At present, the above type of micromanipulators are typically used for example in the field of microscopes, the desired operating range for an operating instrument coupled with a micromanipulator being typically from 0,5 μm to 10 mm. With regard to all desired directions of motion for a micromanipulator, the solutions used today are primarily based on solutions implemented hydraulically or by using electric motors. One such solution is disclosed e.g. in Japanese patent publication 8323656, wherein the linear motion produced by electric motors applied in that context being transmitted from the rotating motion of a rotor by using a sufficiently high pitched rack-and-pinion arrangement. On the other hand, other solutions of the prior art make use of piezoelectric motors, which operate at ultrasonic frequency and which produce vibration wave as a result of activating electrically a piezoelectric material.

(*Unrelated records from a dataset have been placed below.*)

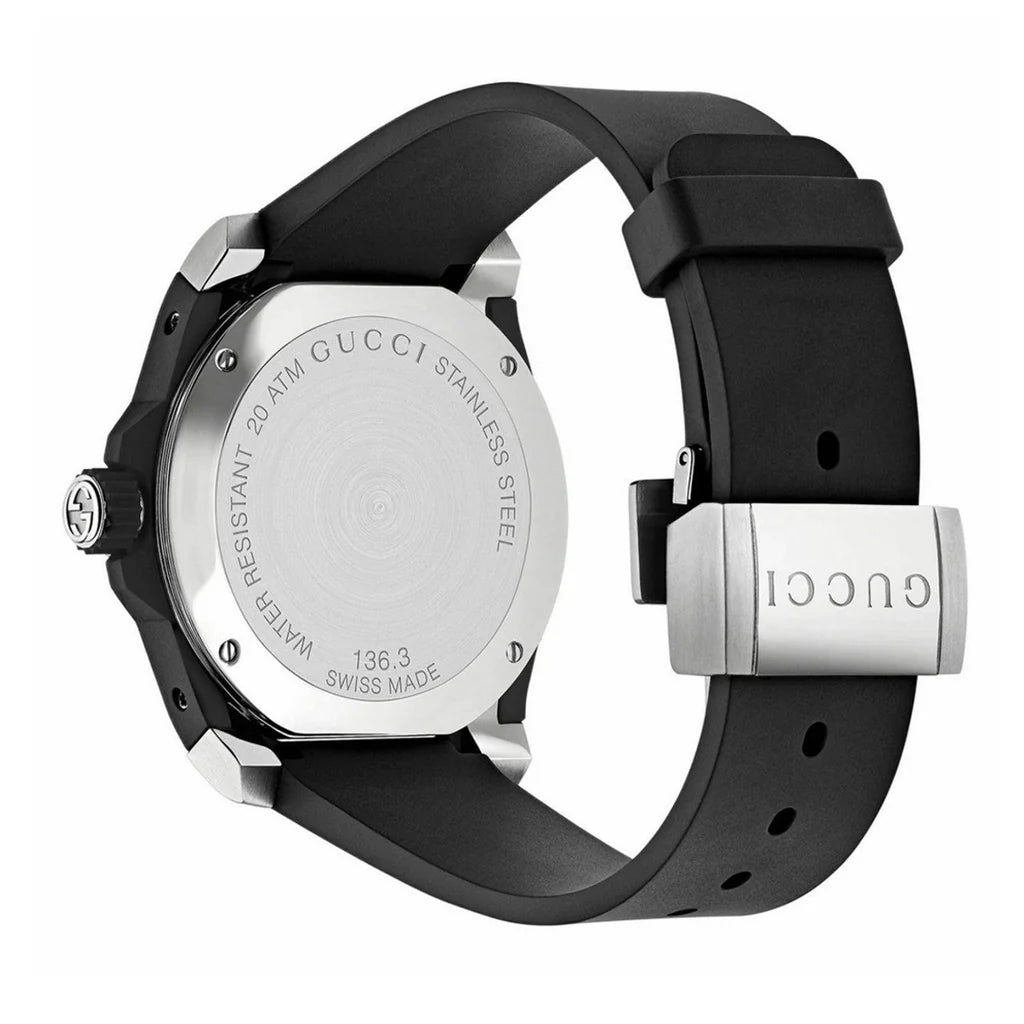 Gucci Dive Tiger – Schwarzes Zifferblatt – Schwarzes Kautschukarmband – Uhr für Herren – YA136318, Herrenuhr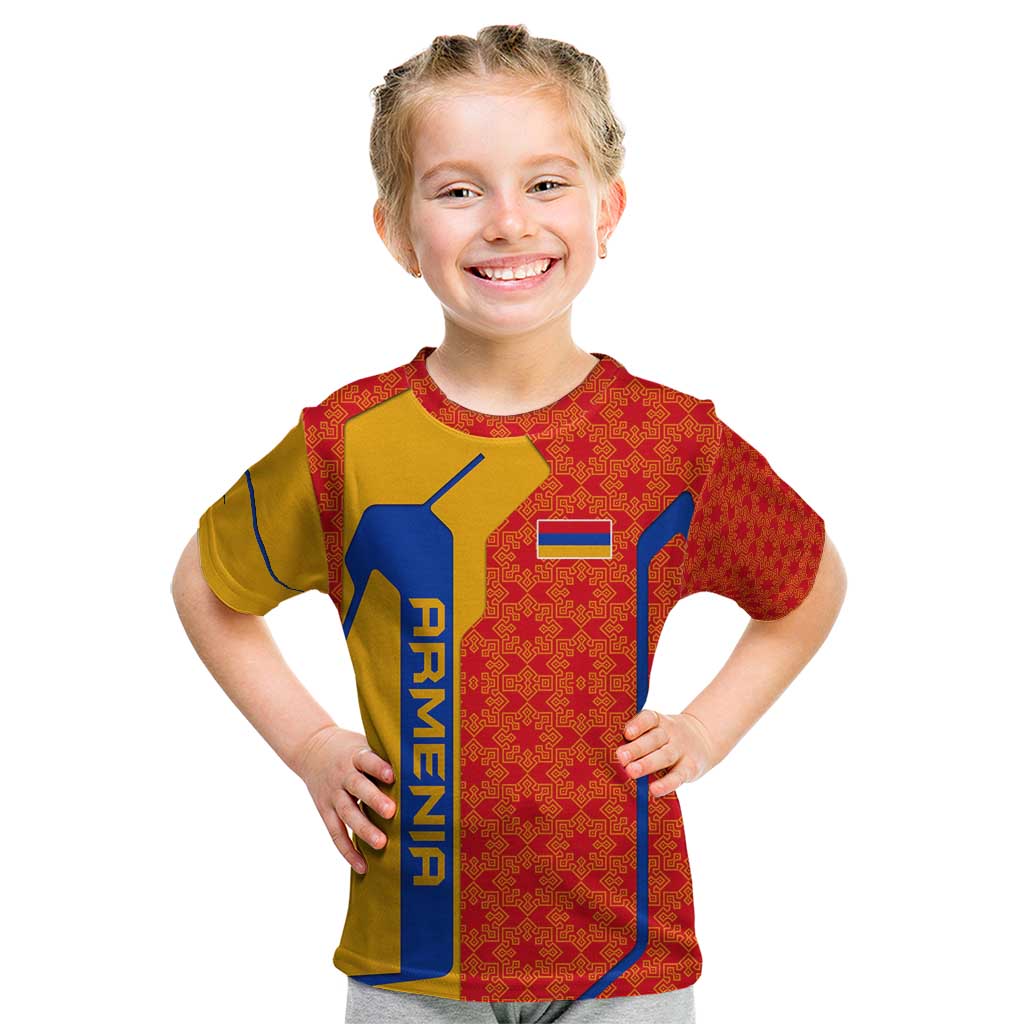 Armenia Flag-Inspired Kid T Shirt with Ornamental Cross and Geometric Pattern Design - Wonder Print Shop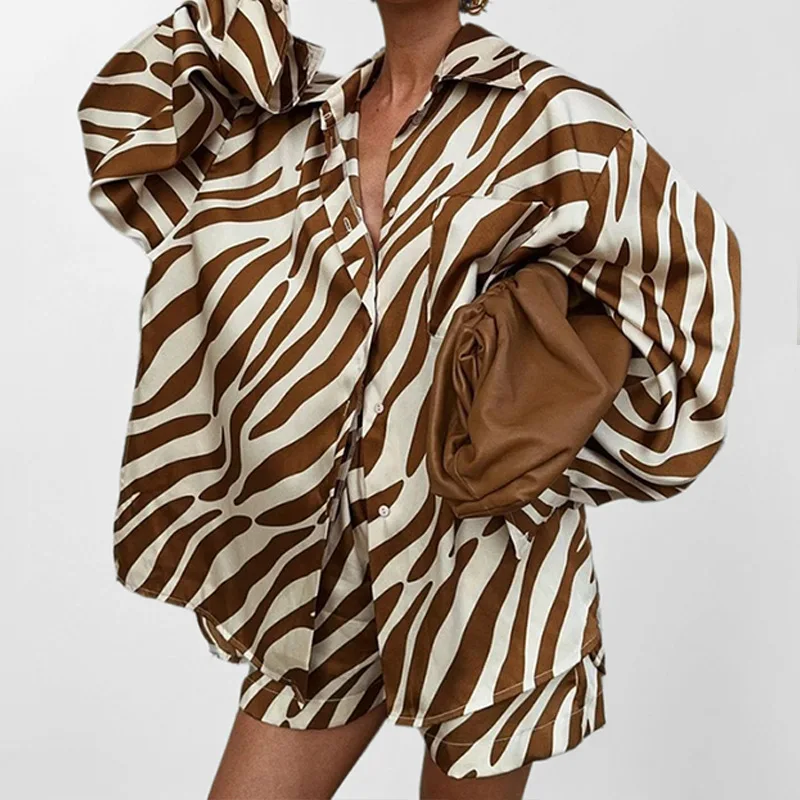

Office Lady Lapel Button Shirt + Short Sleeved Outfit Casual Streetwear Long Sleeved Suit Fashion Loose Striped Printed 2pc Sets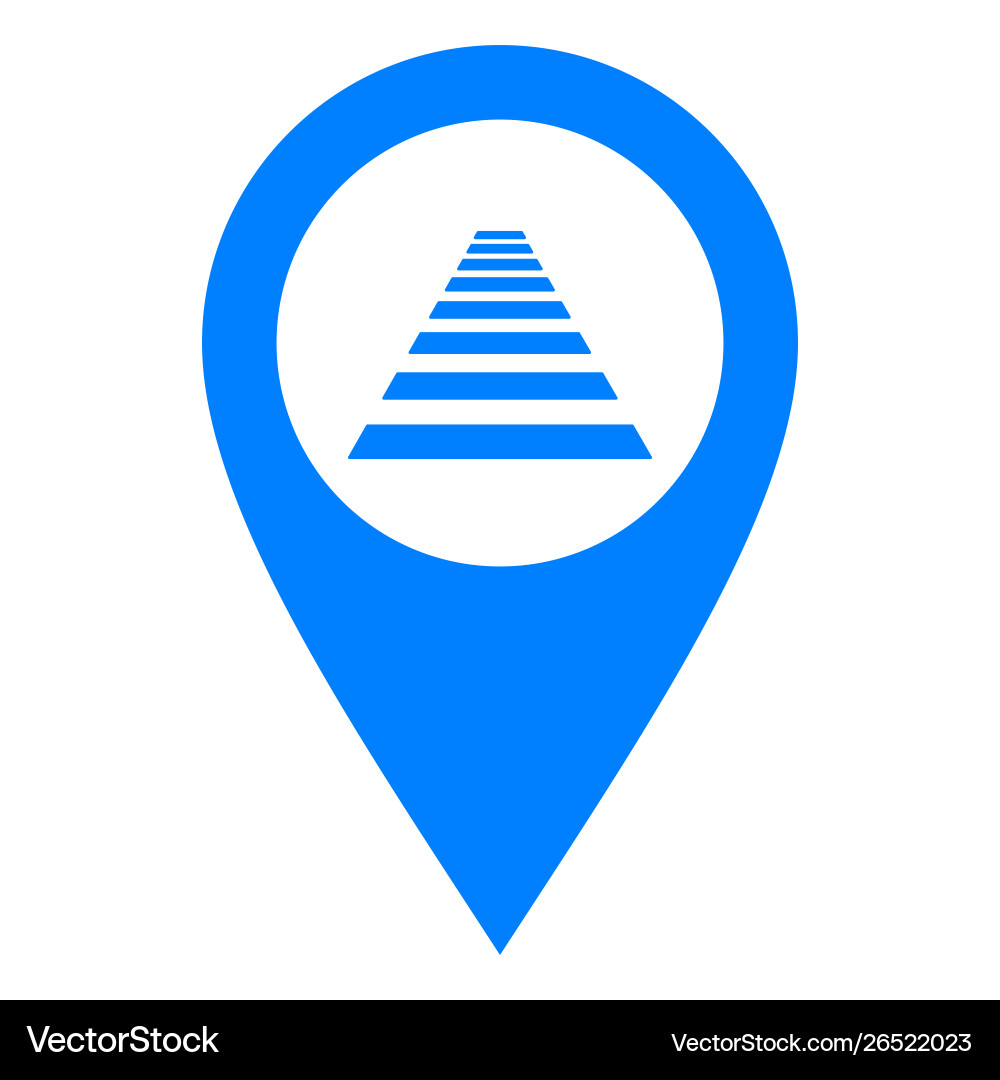 Cross walk and location pin Vector Image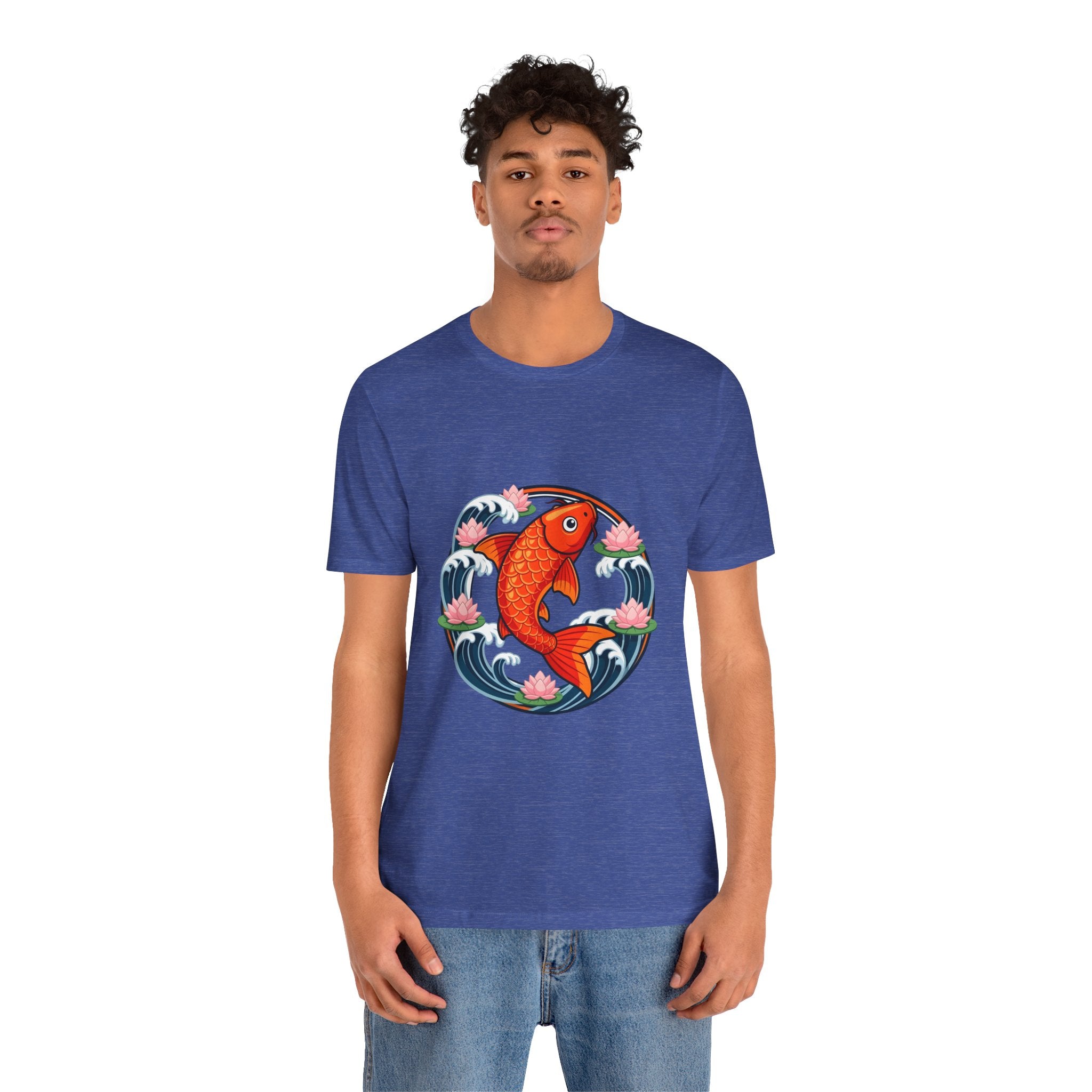 Koi Circle Graphic Tee — Japanese Koi Fish Waves & Lotus T-Shirt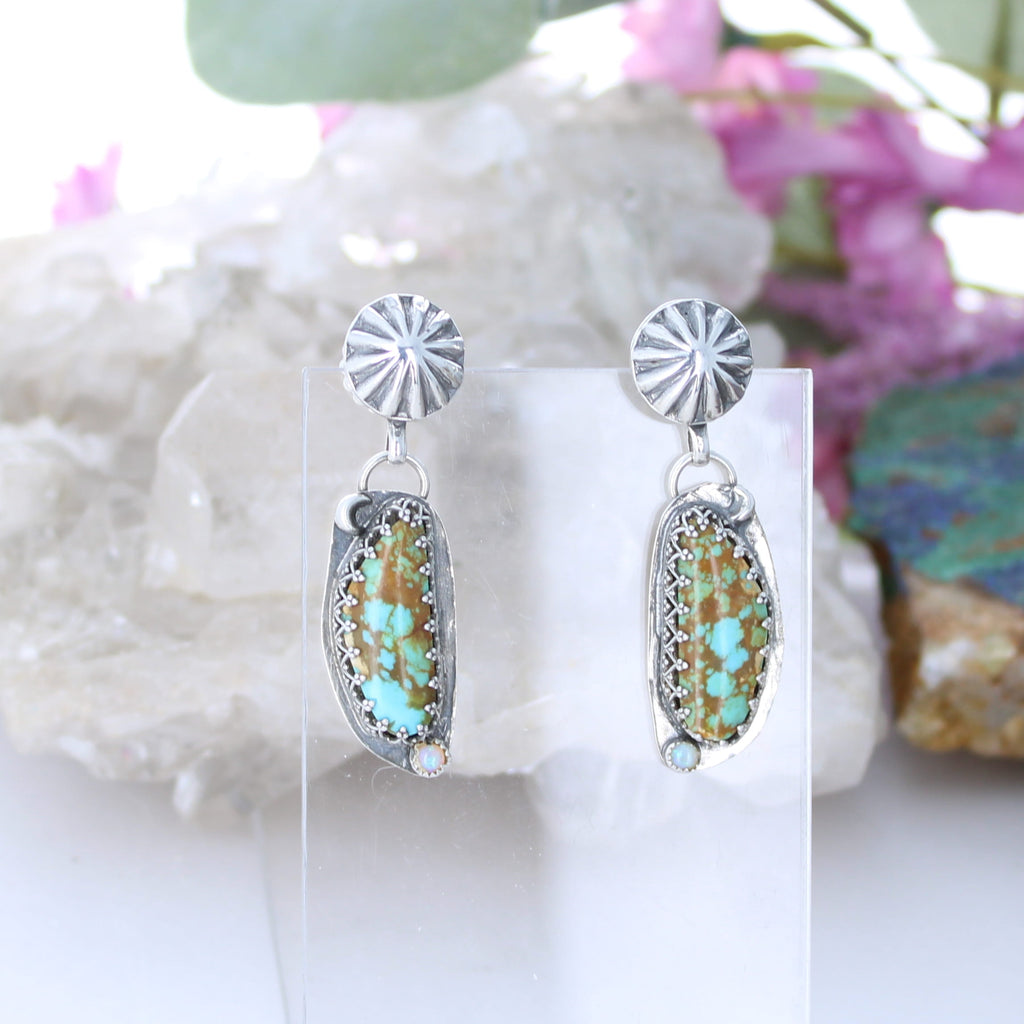 AAA VIVID TURQUOISE and Opal Earrings #8 Mine Sterling Southwest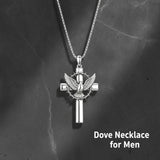 Sterling Silver Praying Hands Angel Sword Wing Cross Pendant Necklace Religious Gifts for Men
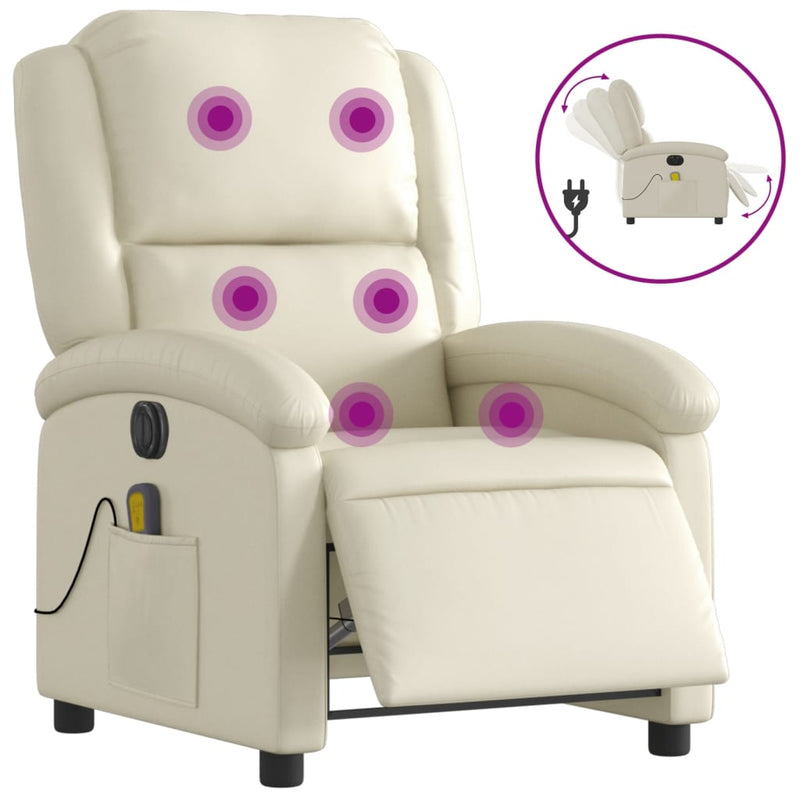 Electric Massage Recliner Chair Cream Faux Leather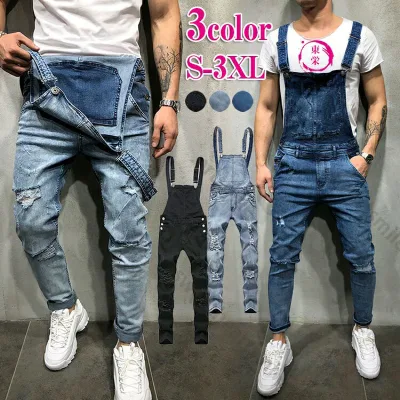 デニムパンツ サロペット メンズ デニム オーバーオールオールインワンメンズジーンズ ダメージ ジーンズ スキニー パンツ カーゴパンツ ロングパンツ ゆったり 大きいサイズ つなぎ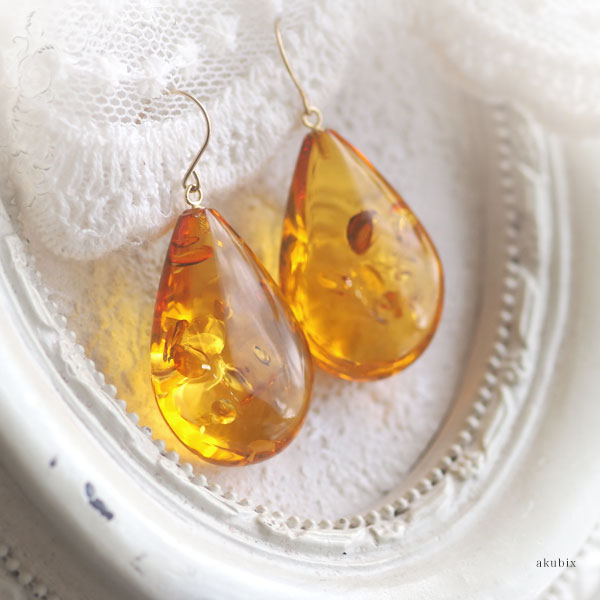楽天市場】【バルト海の琥珀】ピアス こはく 大粒の琥珀【Sランク
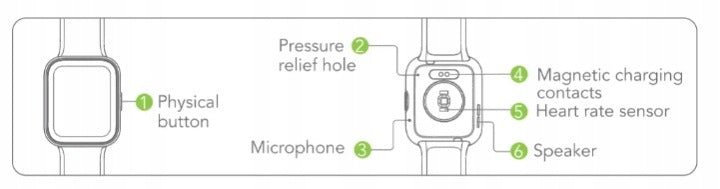 Smartwatch ID208 PLUS black ALEXA making IOS Android calls Manufacturer code ID208Plus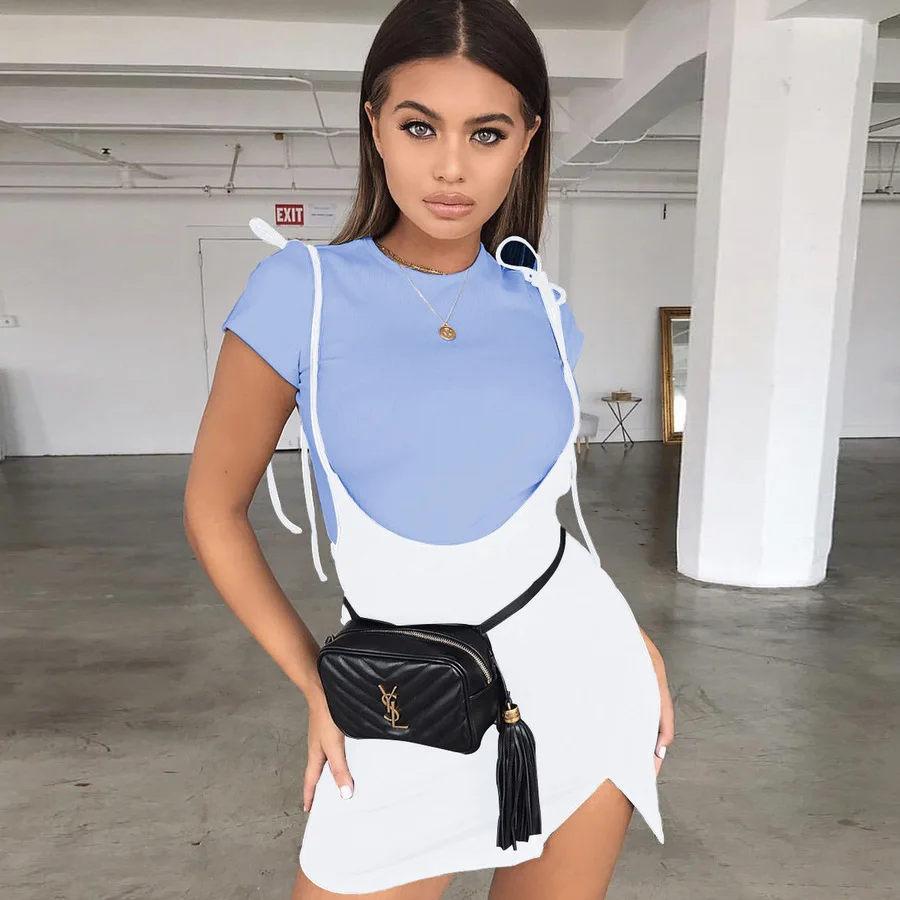 DICLOUD Summer Straps Tight Skirt Women Fashion Irregular Split High Waist Female Harajuku Stretch Streetwear Mini Skirts | Женская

The type of solutions, described e.g. in the above-cited patent publication JP 8323656 and based, in principle, on highly conventional technology, have a drawback of not being able to provide integral units sufficiently compact in terms of operating several appliances. On the other hand, a drawback today in the latter type of piezoelectric motors operating at ultrasonic frequency concerns a sufficiently precise control of the motion produced thereby, which is why, at the present time, it is not yet possible in highly precise procedures to exploit this particular type of solutions with a sufficient reliability, especially in situations involving a change of load.
As a result of quite an undeveloped state of the art in current micromanipulator technology, the situation today is indeed such that, especially e.g. in microscope application, it is generally possible to use concurrently no more than two micromanipulators, which are positioned on the opposite sides of an operating target. Therefore, in the process of operating with various injectable media or providing a micromanipulator in different processes with various operating instruments, such as pipettes or needles, it is always necessary to disassemble some of the basic equipment when switching from one procedure to another, by additionally cleaning it, whenever necessary, before it can be replaced with a new medium or operating instrument needed next for each procedure. As a result, operating procedures based on the use of micromanipulators are today quite laborious and unnecessarily inefficient, because it is not possible to perform the work by utilizing a sufficient number of concurrently operable micromanipulators due to the problem with available space.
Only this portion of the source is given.